A DevSecOps maturity roadmap
Where to start, and what "good" looks like.
This course covers a lot, and no team adopts it all at once. The practical question is sequence: where do you start, and what does "good" look like at each stage? Supply-chain security is a maturity journey, and the highest-leverage controls are cheap and come first — you get most of the risk reduction from a handful of foundational habits before you ever touch SLSA L3 or admission verification.
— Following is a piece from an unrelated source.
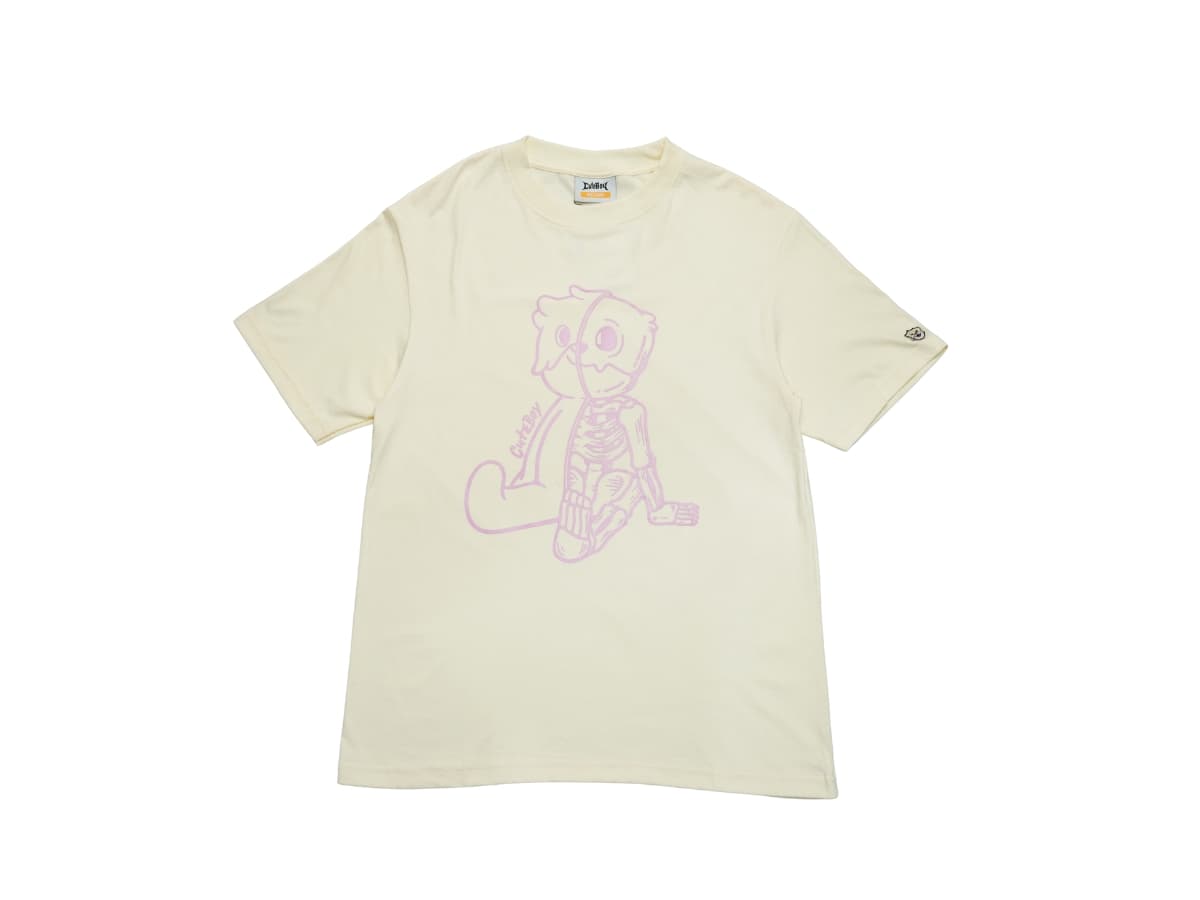 CuteBoy Beagle Tee-Bone Cream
Start where the leverage is
If you are starting from nothing, the order is clear: protect the default branch and require review; add secret detection and dependency scanning as gating CI stages; pin dependencies and base images; and harden your runners (isolated, ephemeral, no stored production keys). Those foundational controls are inexpensive and stop the most common attacks — unreviewed changes, committed secrets, known-vulnerable dependencies, and compromised build environments. Only once that base is solid do signing, SBOMs, and admission verification add their layer on top.
What "good" looks like
A mature DevSecOps supply chain has a property you can state simply: every artifact running in production is traceable to reviewed source, built by a trusted pipeline, signed and attested, verified at admission, inventoried by an SBOM, and continuously rescanned — and each of those is enforced automatically, not left to discipline. You cannot deploy something unsigned; you can answer "what is in production and where did it come from?" in minutes; and a new CVE is a query, not a crisis. That is the destination this whole course maps toward, one enforced link at a time.